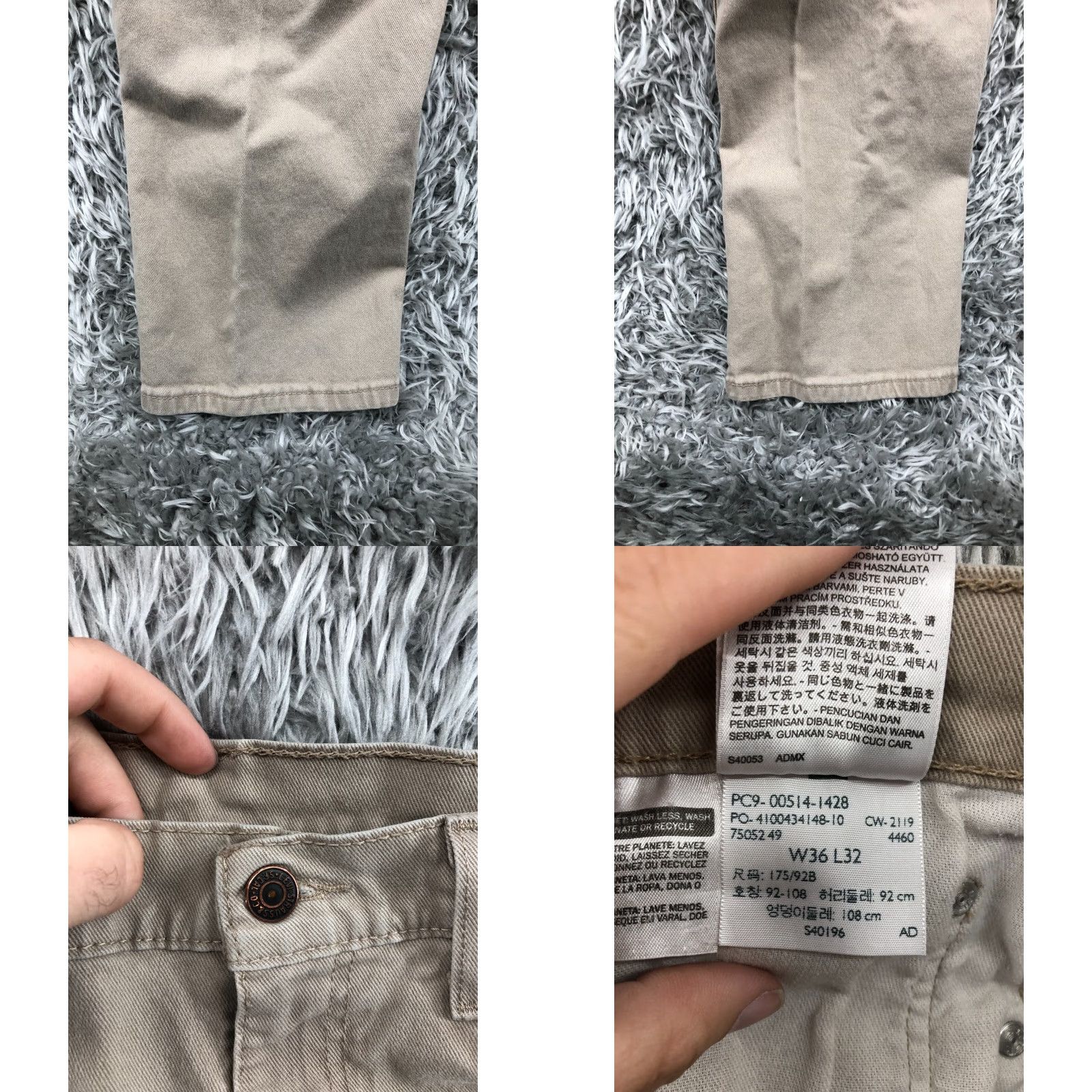 Levi's Levi's 514 Straight Jeans Mens Size 36x32 Mid Rise Medium Wash Beige - Levi's 500 Series Denim 5-Pocket Style Regular Fit Clothing mens Size US 36 / EU 52 - 8 Thumbnail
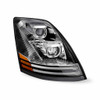 TRUX TLED-H18 CHROME VOLVO VN/ VNL LED PROJECTOR HEADLIGHT ASSEMBLY WITH LED WITH DUAL FUNCTION LED STRIPS - PASSENGER SIDE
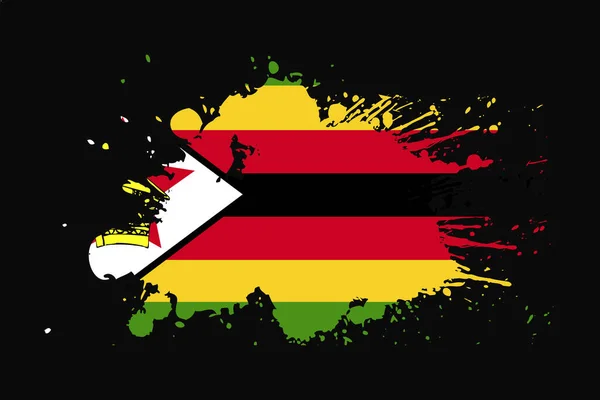 Zimbabwe Flag Grunge Effect Design Used Shirt Graphics Print Poster — Stock Vector
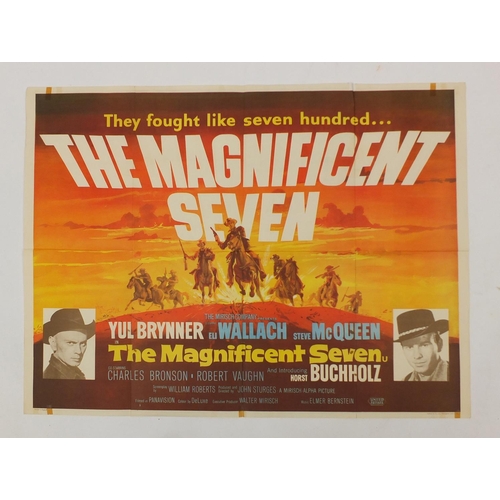 172 - Vintage The Magnificent Seven UK quad film poster, printed in England Stafford & Co, 101.5cm x 76cm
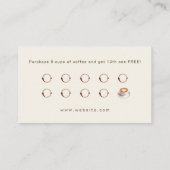Elegant customizable Coffee shop Loyalty Visitekaartje (Achterkant)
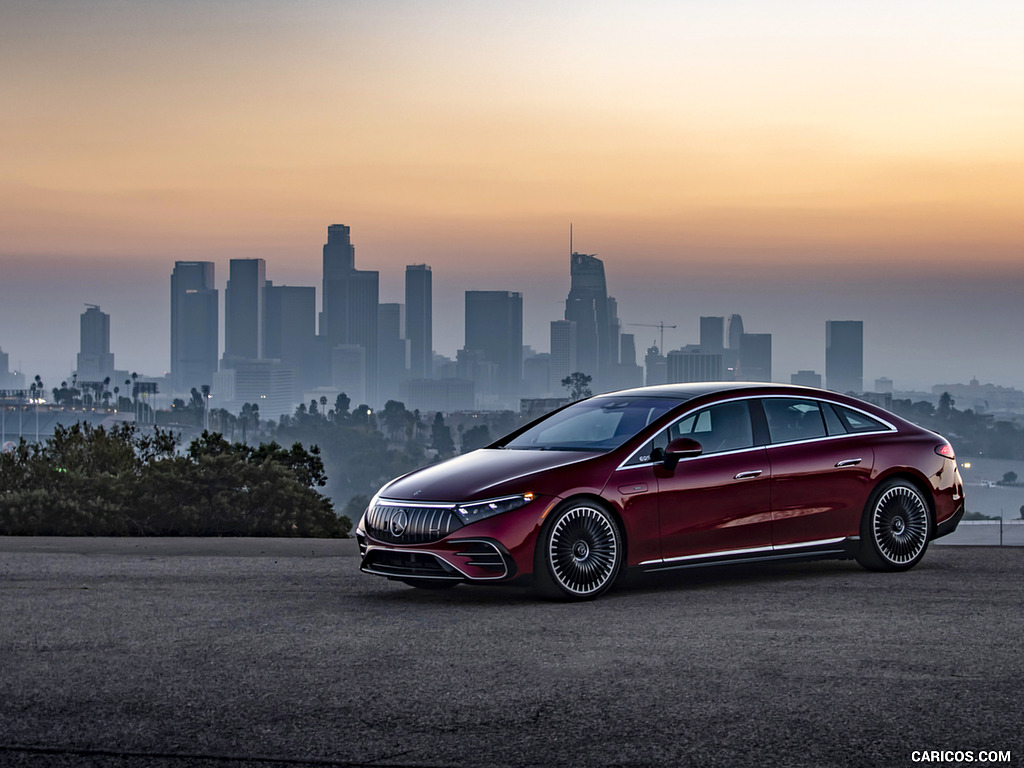 2022 Mercedes-AMG EQS 53 4MATIC+ (Color: Hyazinth Red Metallic) - Front Three-Quarter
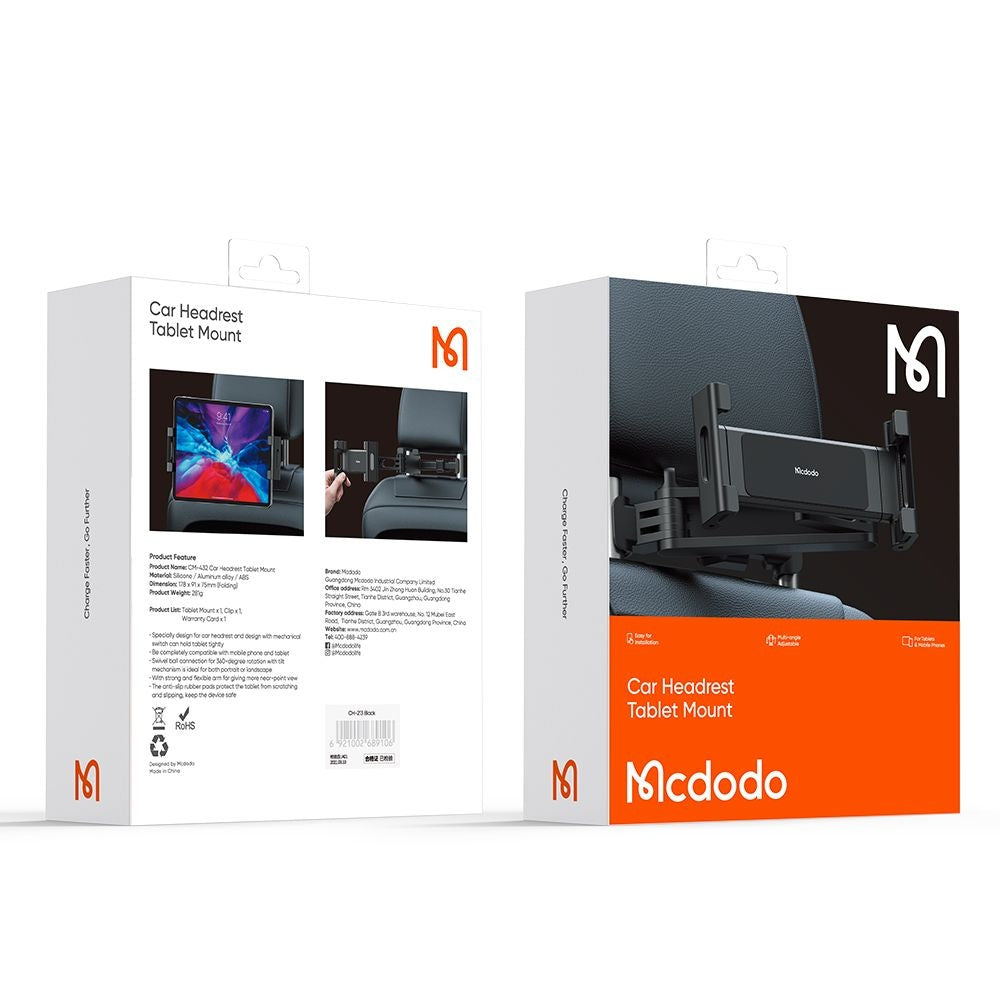 Soporte Auto Reposacabezas McDodo CM-4320 para Teléfono / Tableta, 4.7inch - 12.9inch, Negro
=======
## WORK TO COMPLETE
Everything from the line containing "Elegant customizable Coffee" to the last line of the records above should be reproduced exactly, except the pictures.

## WRITTEN SOLUTION
Elegant customizable Coffee shop Loyalty Visitekaartje (Achterkant)
 2022 Mercedes-AMG EQS 53 4MATIC+ (Color: Hyazinth Red Metallic) - Front Three-Quarter
 Soporte Auto Reposacabezas McDodo CM-4320 para Teléfono / Tableta, 4.7inch - 12.9inch, Negro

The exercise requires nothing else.